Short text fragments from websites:
# # # #
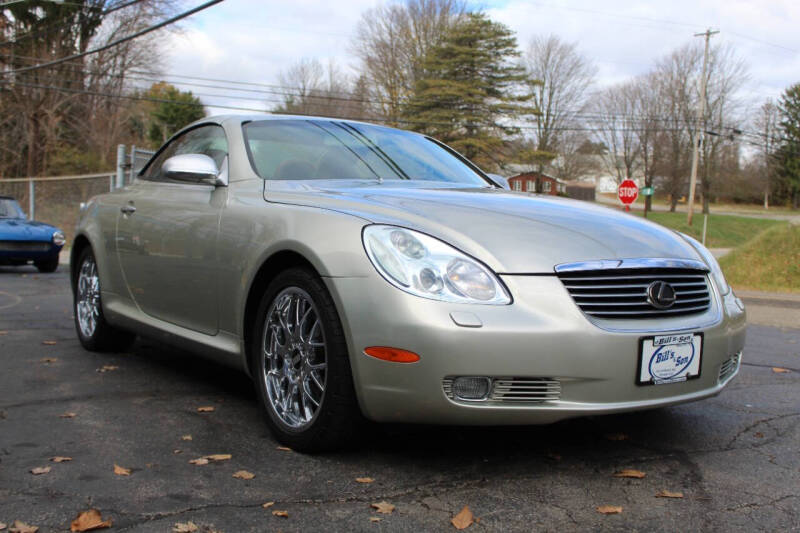 2002 Lexus SC 430 for sale at Bill's & Son Auto/Truck, Inc. in Ravenna OH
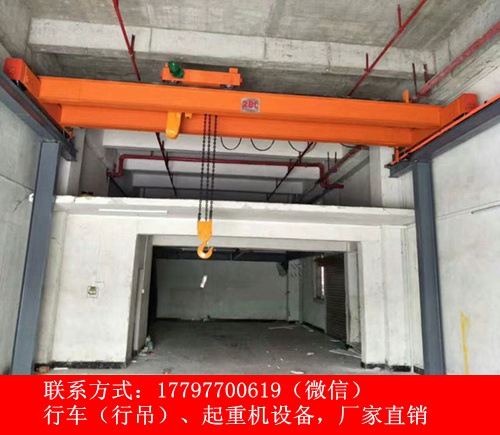 福建宁德双梁桥式航吊厂家移动式旋臂吊环境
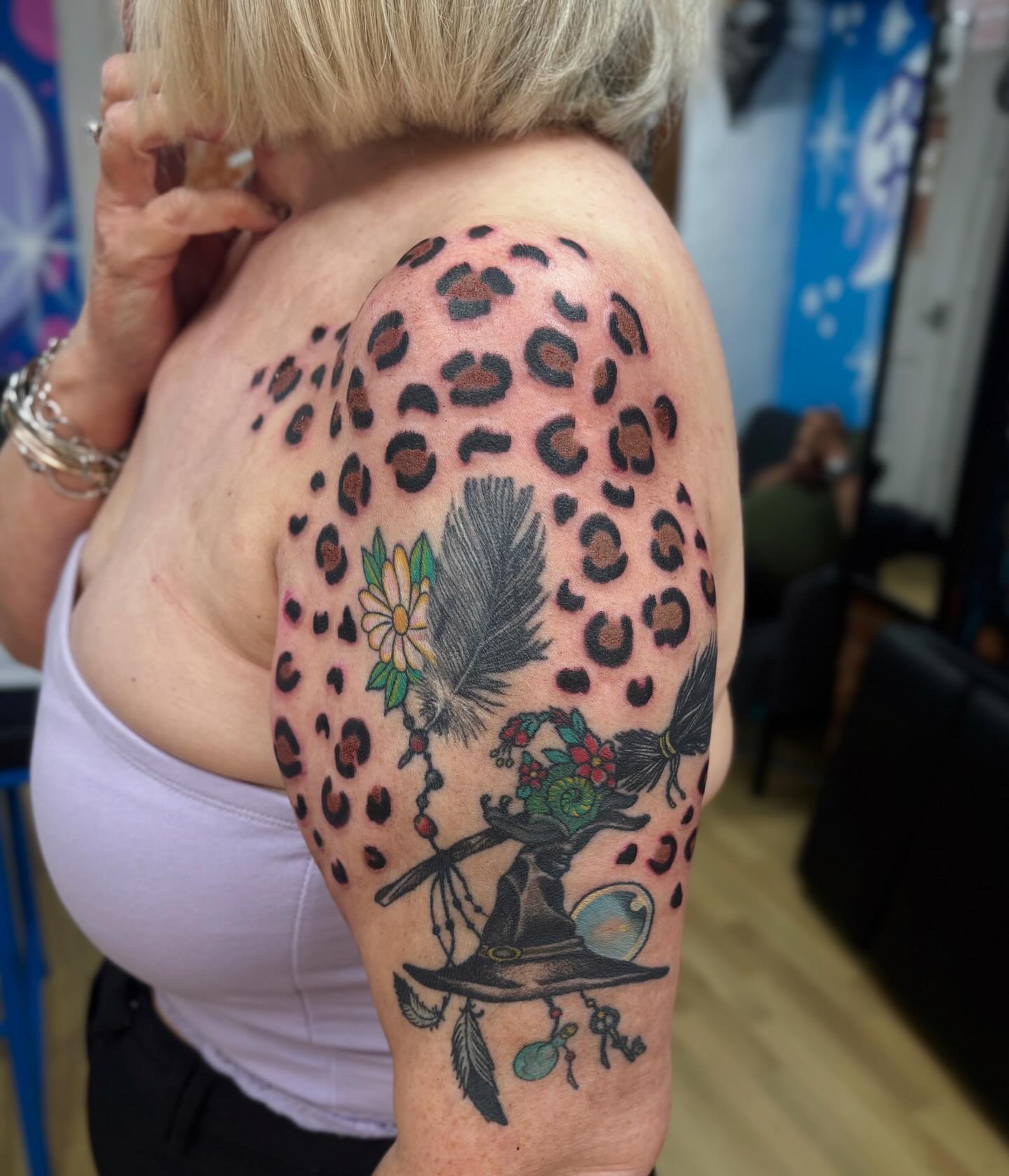 Lucietattwo Tattoo Design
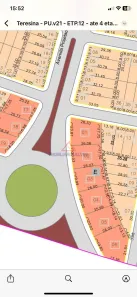 Lote/Terreno à venda, 1034m² no Alegre, Teresina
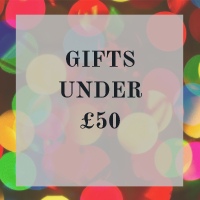 Gifts under £50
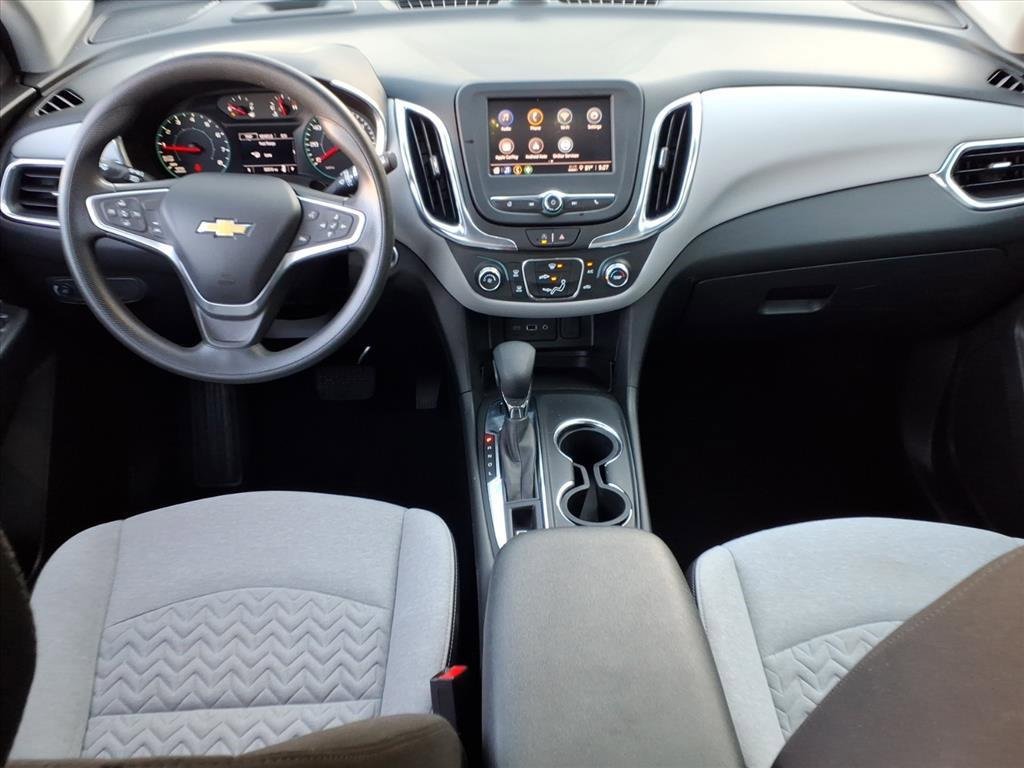 Used 2022 Chevrolet Equinox LS image 39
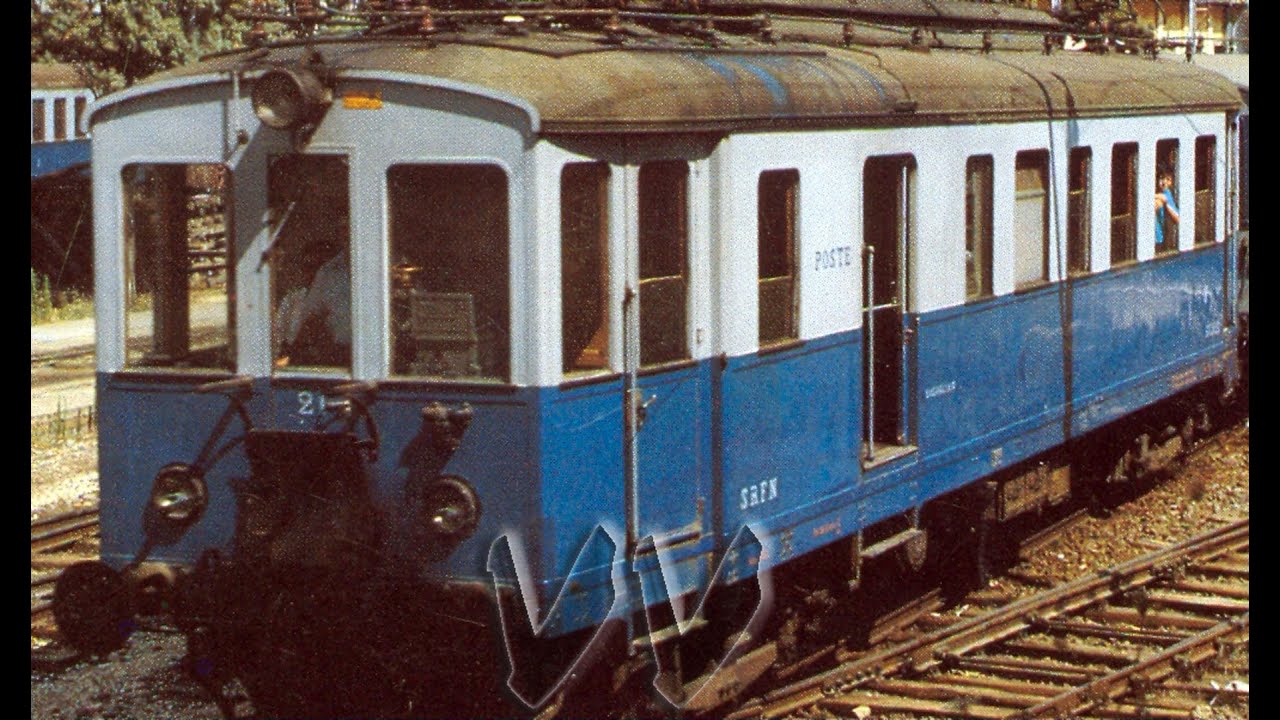 Trenino delle Dolomiti - tratta Calalzo - Tai di Cadore 3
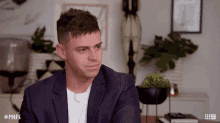 Woah Married At First Sight GIF - Woah Married At First Sight Pfft GIFs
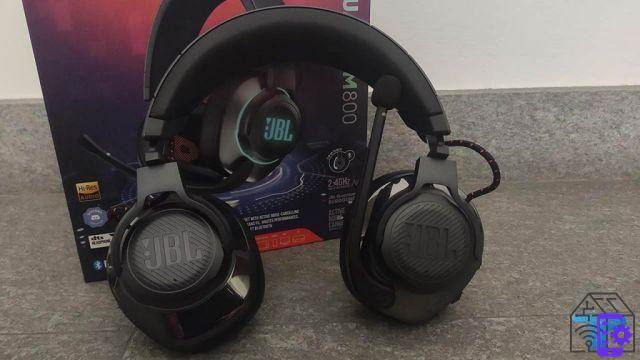 Review del JBL Quantum 800: un híbrido excepcional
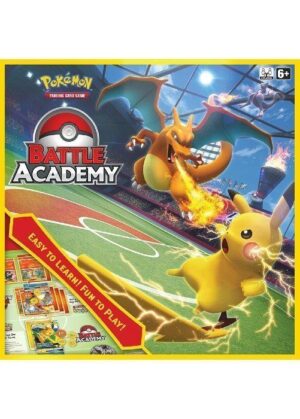 Battle Academy - Begyndersæt med 3 Deck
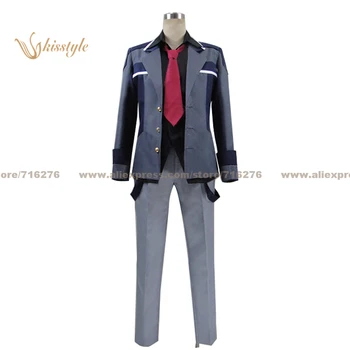 Kisstyle Fashion Rampo Kitan: Game of Laplace Kogoro Akechi Uniform COS Clothing Cosplay Costume
Kisstyle Fashion Rampo Kitan: Game of Laplace Kogoro Akechi Uniform COS Clothing Cosplay Costume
# # # #
* _WORK TASK_
All of the records must come back exactly as they stand, minus every picture.

* _ANSWER BOX_
 2002 Lexus SC 430 for sale at Bill's & Son Auto/Truck, Inc. in Ravenna OH
 福建宁德双梁桥式航吊厂家移动式旋臂吊环境
 Lucietattwo Tattoo Design
 Lote/Terreno à venda, 1034m² no Alegre, Teresina
 Gifts under £50
 Used 2022 Chevrolet Equinox LS image 39
 Trenino delle Dolomiti - tratta Calalzo - Tai di Cadore 3
 Woah Married At First Sight GIF - Woah Married At First Sight Pfft GIFs
 Review del JBL Quantum 800: un híbrido excepcional
 Battle Academy - Begyndersæt med 3 Deck
 Kisstyle Fashion Rampo Kitan: Game of Laplace Kogoro Akechi Uniform COS Clothing Cosplay Costume
Kisstyle Fashion Rampo Kitan: Game of Laplace Kogoro Akechi Uniform COS Clothing Cosplay Costume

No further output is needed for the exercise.